We are using Django and Postgres on a new project. Up until recently, we were working towards a fully normalized database for our 1.0 release. In the first month we passed fifty tables. I told the project owner, we’d probably hit four hundred tables by the time all features of the system are completely done in three years. Note that we had 50 tables, but only 2 or 3 working UI elements, and nothing to launch. That bugged me on a project level. On a technical level, do you think Django can handle 400 tables? It might take some segmentation, perhaps a server with tons of RAM, maybe even some hacking of the framework? It just stopped feeling right, so I started looking for something better. Maybe it wasn’t Django, maybe it was the fact that a lot of what we are trying to model at this stage revolves around user generated content. It is almost impossible to predict everything we need to store for the life of the project. This kind of problem, as it turns out, is a good fit for NoSQL, or non-relational data stores. Here are some of my initial take aways:
What to store in MongoDB:
- Loosely structured content.
- Archival / historical data.
- Logging data and non-critical events.
- Data models that we know will change a lot, but want to get up and running. We can always port them to the RDBMS if we need to, after we figure out what the best approach is.

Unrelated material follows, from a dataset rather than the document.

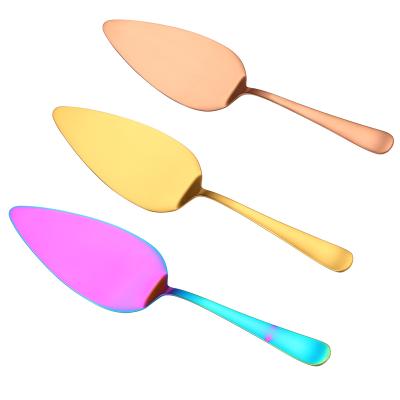 China Gold Stainless Steel Pizza Cream Shovel Knife and Cake Server Wedding Viable Wedding Baking Set for sale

Maybe they will stay in MongoDB for ever and ever?
We will likely store a handle to the MongDB document id (eg “_id” : ObjectId(“4dbf132825fe7d20c1000000”)), inside the relational database in some cases for direct retrieval.
What you loose with MongoDB:
- Support for the Django Admin tool. This is a major drawback to consider. I really love Django Admin and what it gives to our team, especially the content folks who can get in and easily make changes and manage records. You’re on your own for CRUD (create, retrieve, update, delete). Wait a year and there will be 5 options – mark my words!!!

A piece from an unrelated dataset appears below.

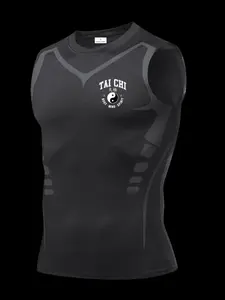 Men's Short Sleeve Sporty Slim-Fit Tee, Quick-Dry Breathable Moisture-Wicking, Tai Chi Print, Ideal for Fitness, Running, Boxing, Outdoor Activities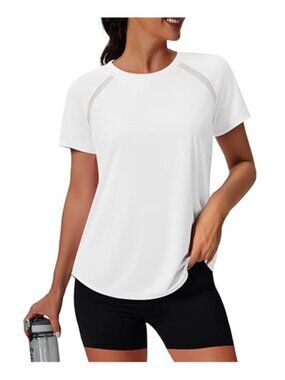 White Mesh Panel Workout Tee UV Protection Athletic Running Top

Update 7/12/2011 – A reader reported to me about django-mongodb an django admin interface for mongodb. I need to try it out.Update 7/22/2011 – I looked into django-mongodb, it requires a) Django-nonrel, “a fork of Django 1.3 that adds support for non-relational databases”, and b) djangotoolbox “a bunch of utilities for non-relational Django applications and backends”. The ultimate goal of Django-nonrel is to merge with the official Django tree. When that happens there will be much rejoicing! Until then, it is doable to combine Django and MongoDb, but it is early stage technology that is moving fast. Make sure it is the right fit for your project first.
- Referential integrity. There is no concept of a foreign key. Anything goes inside MongoDB, it will gladly create new collections (like tables), and document fields (like columns) as you ask it to.
- Joins.
- Triggers and stored procedures. You can craft JavaScript and have MongoDB run that – pretty cool idea actually and it is how map/reduce works.
- Standard RDBMS security model. Security is basic in MongoDB, and as it stands you have to run it in trusted mode when sharding. From the docs page “Trusted environment is the default option and is recommended.” – wow, so firewall it off with iptables and harden your application layer I guess?
- Data where the relationship to other records is most of the value – eg, a many-to-many relationship would be really hard to get working in MongoDB. It is doable and it works for some people. However, MongoDB isn’t geared towards relational data, so that tells me not to do relational data with it!
- Anything that needs to be transactional in nature.
- For now, financial data, transporter patterns, anything that *has* to be there.
More on this topic in the future. MongoDB appears to have an excellent trajectory. Its creators will likely have a place in the geek hall of fame. It is really fun to work with too.